======== THE INPUT ========

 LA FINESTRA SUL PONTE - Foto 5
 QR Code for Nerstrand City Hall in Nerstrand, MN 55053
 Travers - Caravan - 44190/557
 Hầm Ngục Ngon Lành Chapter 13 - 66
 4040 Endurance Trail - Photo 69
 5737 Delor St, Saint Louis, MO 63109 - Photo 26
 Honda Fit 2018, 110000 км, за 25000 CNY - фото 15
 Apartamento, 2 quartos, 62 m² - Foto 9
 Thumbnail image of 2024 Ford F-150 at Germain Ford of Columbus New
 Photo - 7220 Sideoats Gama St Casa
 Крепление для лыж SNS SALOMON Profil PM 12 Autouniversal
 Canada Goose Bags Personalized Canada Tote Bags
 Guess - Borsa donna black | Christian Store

========
======== THE INPUT ========

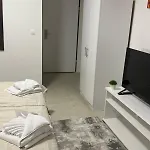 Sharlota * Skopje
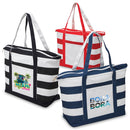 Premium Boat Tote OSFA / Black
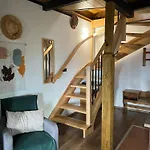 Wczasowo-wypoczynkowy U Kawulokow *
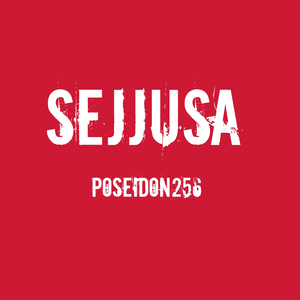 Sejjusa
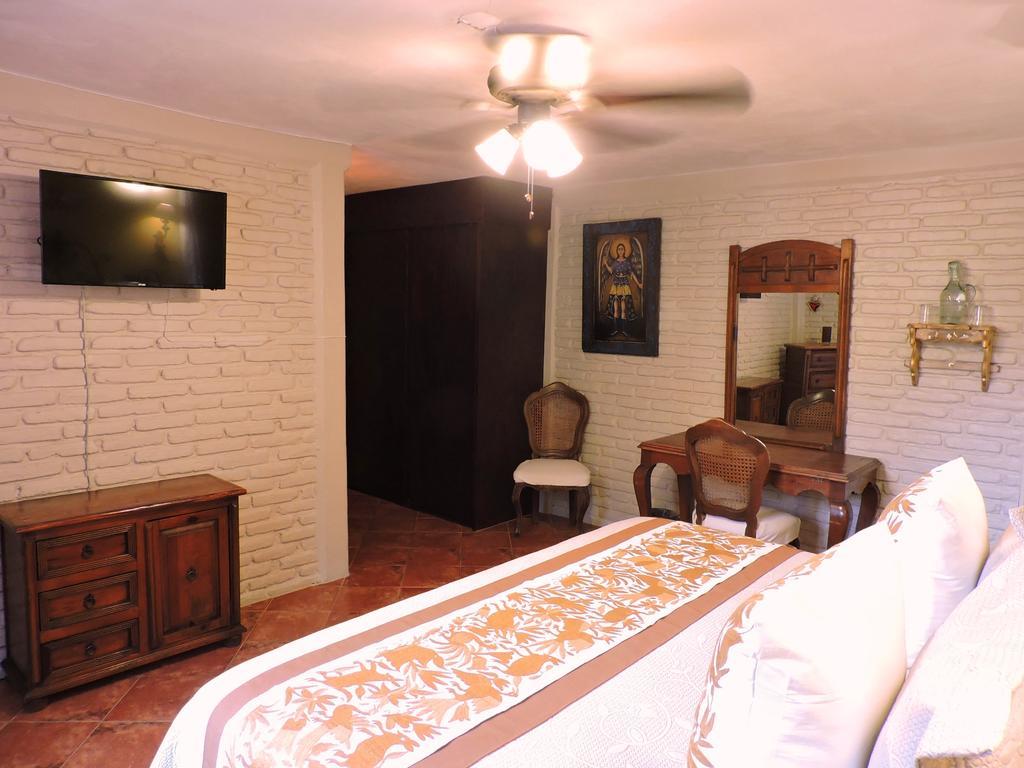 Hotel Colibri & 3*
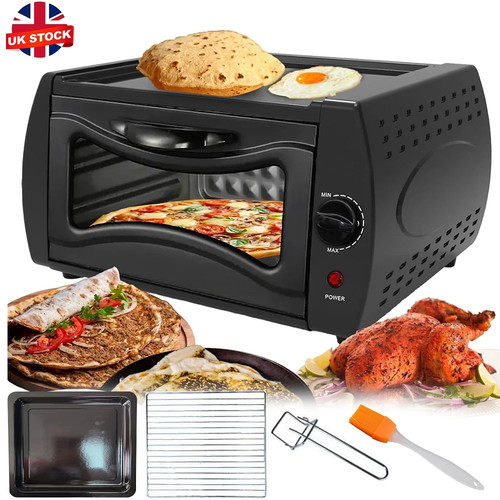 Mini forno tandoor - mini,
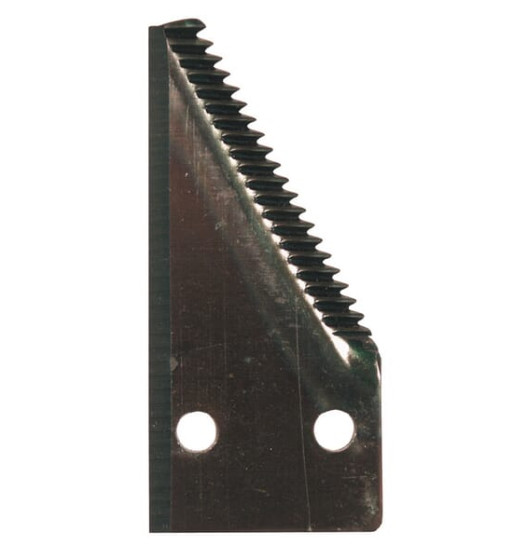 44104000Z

========
======== THE INPUT ========

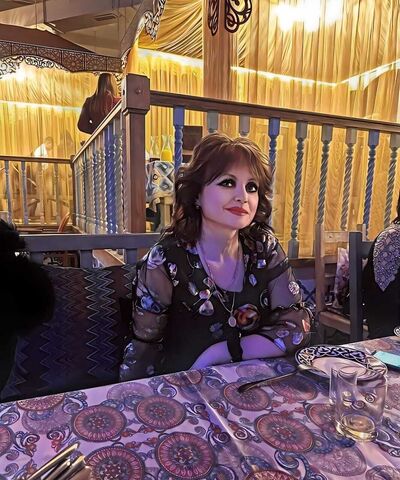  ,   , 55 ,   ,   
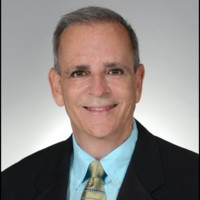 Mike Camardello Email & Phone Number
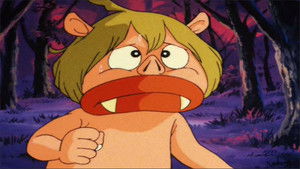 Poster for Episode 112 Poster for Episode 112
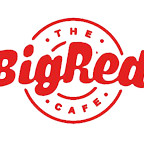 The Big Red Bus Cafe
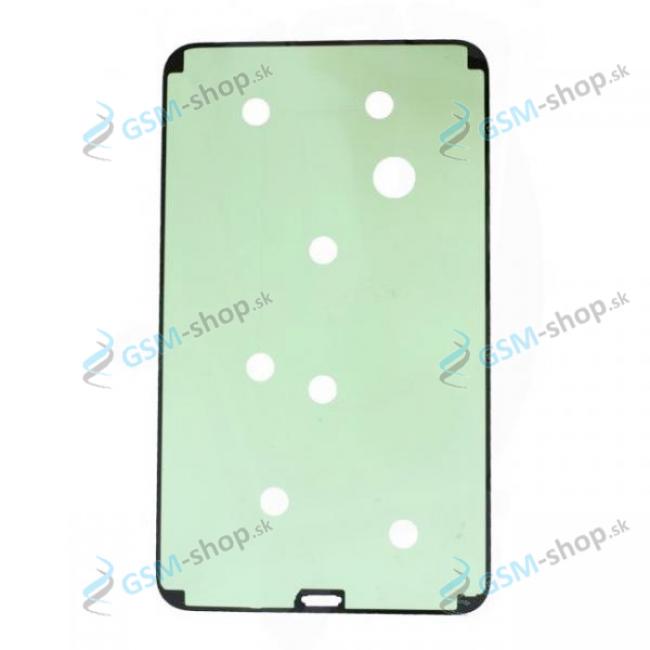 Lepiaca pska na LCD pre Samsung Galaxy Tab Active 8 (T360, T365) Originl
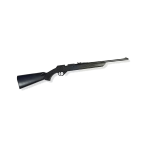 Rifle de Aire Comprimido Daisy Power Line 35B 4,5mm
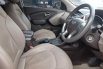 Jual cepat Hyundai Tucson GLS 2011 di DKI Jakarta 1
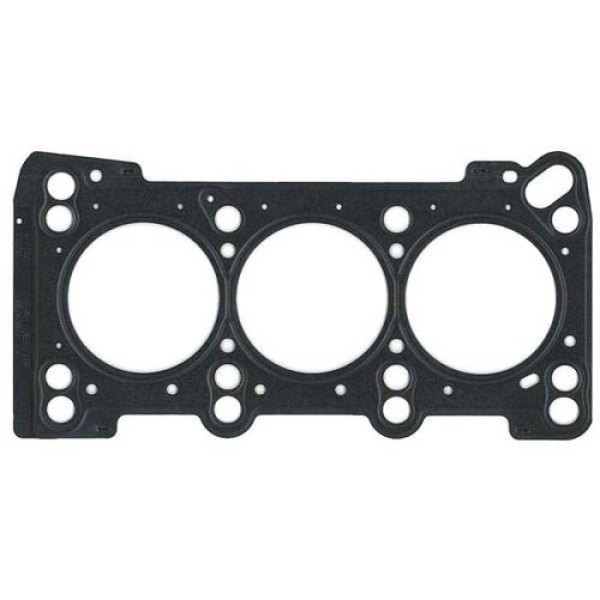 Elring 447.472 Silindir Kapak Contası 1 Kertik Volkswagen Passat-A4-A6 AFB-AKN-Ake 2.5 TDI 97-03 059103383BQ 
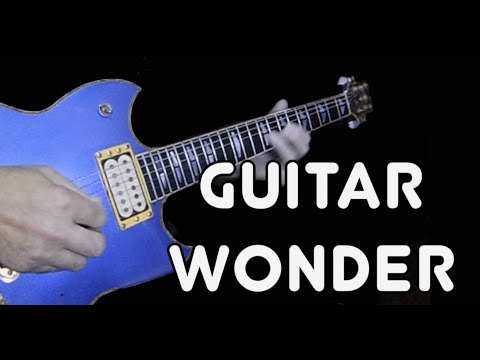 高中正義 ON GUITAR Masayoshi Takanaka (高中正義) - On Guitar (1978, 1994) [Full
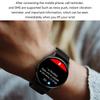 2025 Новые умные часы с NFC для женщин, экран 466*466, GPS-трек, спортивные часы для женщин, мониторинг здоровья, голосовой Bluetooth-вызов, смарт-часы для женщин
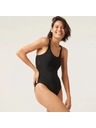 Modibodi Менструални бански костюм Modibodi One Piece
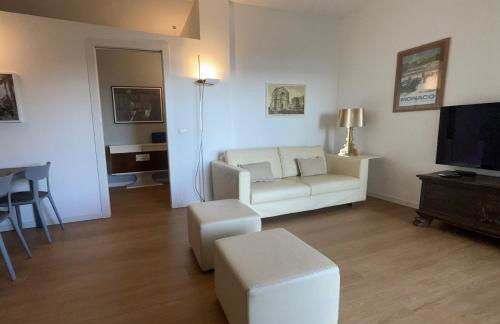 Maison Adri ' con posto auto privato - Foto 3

========

§ INSTRUCTIONS FOR THE TASK: Copy out all the lines of the records that include "Photo".

§ OUTPUT OF THE TASK:
 4040 Endurance Trail - Photo 69
 5737 Delor St, Saint Louis, MO 63109 - Photo 26
 Photo - 7220 Sideoats Gama St Casa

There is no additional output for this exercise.